Lange Autobahnsteigungen, bei denen selbst mancher Oberklassediesel Anstrengung spüren lässt, bügelt der Kia Stinger flach wie ein Dampfbügeleisen. Eben jene Limousinen oder Kombis stehen dann meist im Weg. Entweder achten die Fahrer nicht darauf, dass da plötzlich etwas Schnelleres angepflügt kommt, einige wollen das aber auch schlicht nicht akzeptieren.
Nur ein Beispiel, auf welch wunderbare Art und Weise der Kia Stinger entspannen kann, obwohl er vor Kraft fast tropft.
Wer sich für den großen Kia entscheidet, muss sich und seinem Umfeld nichts beweisen, pfeift auf Geltungsdrang und damit verbundenen Premiumbedarf.

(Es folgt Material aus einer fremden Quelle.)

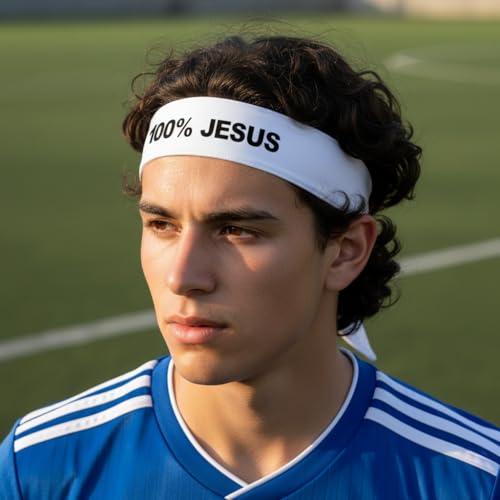 100% Jesus Sports Head Tie - White Athletic Headband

Soll ruhig der Nachbar die Ringe oder den Stern seines Leasingautos polieren. Der Stinger-Fahrer bleibt derweil grinsend im Auto sitzen und nimmt jedes einzelne, aufgestellte Härchen an den Armen und im Nacken wahr. Vor allem, wenn er gerade von einer Tour über einsame, verwinkelte Landstraßen zurückkommt.

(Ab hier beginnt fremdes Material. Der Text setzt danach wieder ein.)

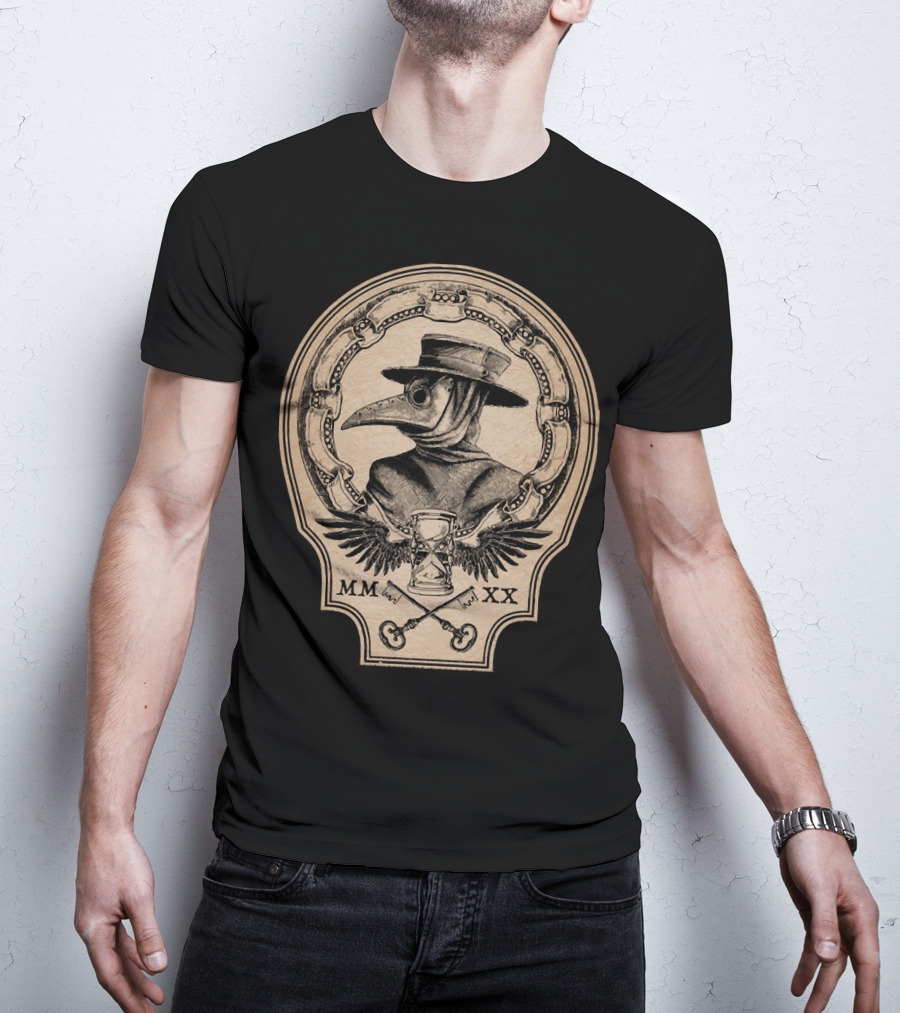 MMXX Plague Doctor Hourglass And Wings Vintage T-Shirt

Denn das katapultartige Geradeaus ist nur eine Paradedisziplin des Koreaners. Schnelle Kurvenkombinationen zeigen das wahre Talent des Stinger, der unter Federführung des ehemaligen BMW M-Entwicklungschefs Alfred Biermann auf der Nürburgring-Nordschleife entwickelt und abgestimmt wurde.
Mit dem Lenkrad dirigiert der Stinger-Pilot die große Limousine zentimetergenau von einem Scheitelpunkt zum nächsten, die perfekte Rückmeldung auch vom adaptiven Fahrwerk und die hervorragende Aussicht über die flache Motorhaube machen wunschlos glücklich. Als Krönung verteilt das Torque Vectoring System Drehmoment gezielt an einzelne Räder.

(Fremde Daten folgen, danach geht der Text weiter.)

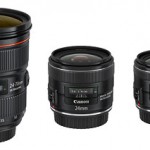 New Canon Lenses (L to R): EF 24-70mm f/2.8L II, 24mm f/2.8 IS & 28mm f/2.8 IS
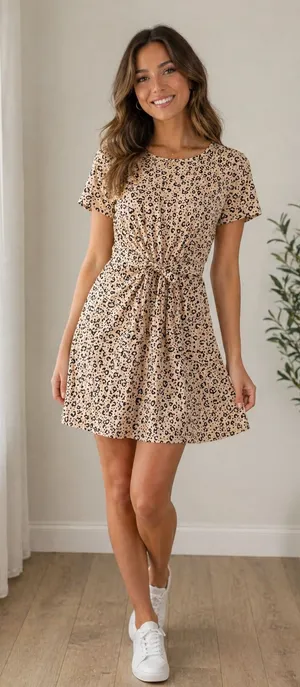 aerie Beige and Black Leopard Print Dress thumbnail 1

Dass dazu stets genügend Kraftreserven aus den sechs Töpfen gezogen werden, muss nicht mehr extra erwähnt werden. Ist aber jetzt doch passiert. Egal, man kann es nicht oft genug sagen.
Wer den Kia Stinger genauer ansehen will, muss also warten, bis er mal parkt. Was er selten macht. Oder tankt, siehe oben. Das kommt öfter vor, wenn übersichtliche 60 Liter Tankvolumen auf einen Textverbrauch von 13 Litern Super treffen. Was angesichts der Leistung durchaus noch ok ist (auch wenn jetzt der Shitstorm losbricht!).
Dann staunt das Auge des Betrachters, wie sich das Kia-Design in den letzten Jahren entwickelt hat. So weit, dass der Kia Stinger in all seiner Erotik kein Außenseiter der Modellpalette ist.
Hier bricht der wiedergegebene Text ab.